As we perform a daily push to generate and store the current day’s data, we now understand that from a single luxury apartment building, specifically located in New York City, we can expect between 158–173 new data points produced daily. This is the range that we have clearly seen over the first week of running the daily push. The matrix that is being built and processed daily when the daily push occurs consists of 14 columns (14 Variables, both qualitative and quantitative) with a range of 158–173 new data points being added daily as rows to this matrix. If this daily range remains consistent, and when this is scaled to the other UDR Luxury Apartment Buildings in New York City (6 URD Luxury apartment buildings in total), the daily run rate will be 948–1,038 new data points being added daily to the ‘master’ matrix. The monthly (30-day month) run rate would be 28,440–31,140 new data points being added monthly to the ‘master’ matrix. If this monthly run rate for six (6) luxury apartment buildings in the same city is very similar to that of other cities, we can therefore get an estimate of how many data points the ‘master’ matrix would have if applied to five (5) other large cities in the U.S. If the monthly run rate is applied to a total of six (6) U.S. cities throughout the country, the total number of data points in a month would be between 171,000–187,000. Having to constantly perform this update daily, over the course of an entire calendar year, the estimate would be 2,048,000–2,242,000 data points. Duringthe beginning of this process, the initial data can be stored in an excel file with the ‘master’ matrix schema. However, if this process were to run for an entire year, storing over 2 million data points in a single file is not feasible, and therefore a powerful tool, such as SAP, Microsoft Azure, AWS, or Google Cloud would be needed to handle the amount of data for processing.
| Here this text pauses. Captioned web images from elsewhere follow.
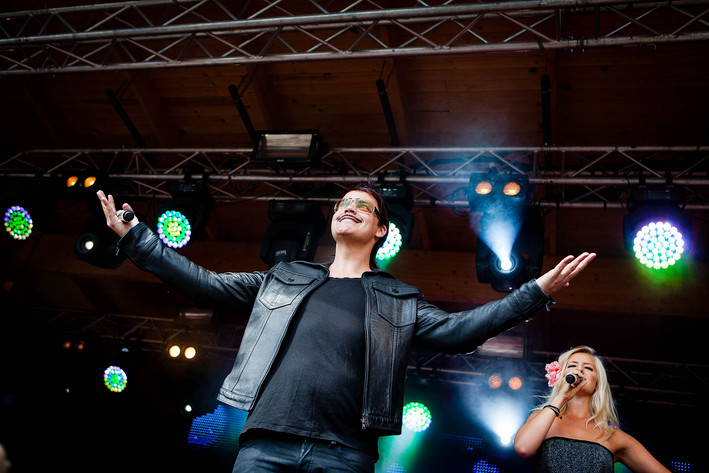2014-07-23 - Gunther & the Sunshine Girls  från Emmabodafestivalen, Emmaboda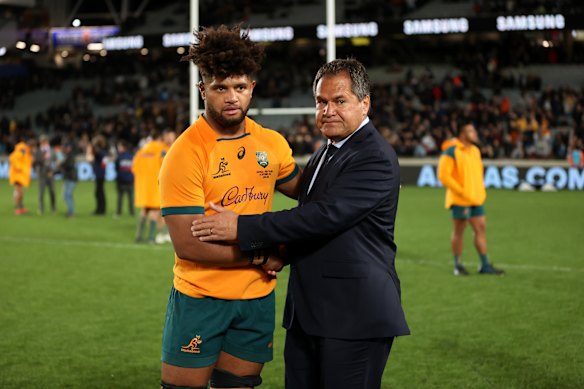 Dave Rennie consoles Rob Valetini at Eden Park following a loss in 2022.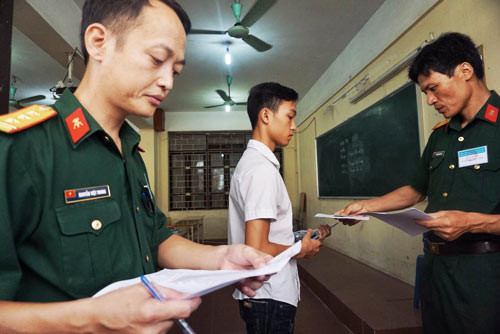 Trường đào tạo sĩ quan chỉ huy, chính trị, hậu cần tuyển thí sinh nam cao từ 1,65 m, cân nặng từ 50 kg trở lên. Ảnh: Giang Huy.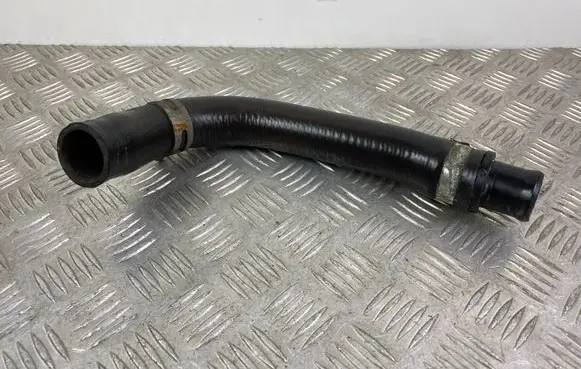 KIA Sorento Engine coolant pipe/hose
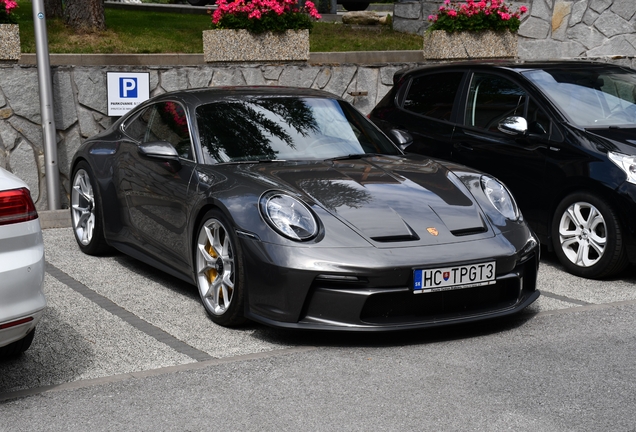 Porsche 992 GT3 Touring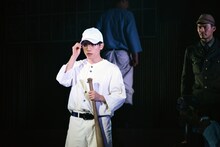 伊崎龍次郎演じる佐々木新（中央）。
It was incredibly fascinating to see after the conclusion of this project the specific and thorough information that was gained from performing this project. Specifically, the greatest value in terms of pricing and square footage is within the Dallas, Texas area. If necessary to stay in the Northeast area of the country, Philadelphia is a significantly better option than Boston and New York. Boston and New York Features and pricing is driven by views (Bay, Hudson River), while Philadelphia features and pricing are due to specific finish packages (Espresso Brown, Maple White). Austin and Dallas features and pricing are driven by smart home packages. $0.30 — $0.50 cheaper price per sq. ft in Dallas compared to Austin. Another great conclusion of this project is the capability and insight in understanding not from the perspective of an individual seeking to relocate to a different city in the USA, but from the perspective of an individual looking to not only stay in the same building but find/locate the same apartment type at a cheaper cost. We can clearly indicate for an individual seeking to remain in a 1-bedroom luxury apartment in New York City, that a transition to the Leonard Pointe building would be the best cost savings. Additionally, for an individual seeking to remain in a 1-bedroom luxury apartment in the same building they currently reside in New York City, if the individual gave up/removed himself from having a River view with a corner location, the individual can relocate for a cost savings of 16% per month. It was incredible to see how features within the same apartment type in the same building can have such a significant influence on monthly apartment rent prices.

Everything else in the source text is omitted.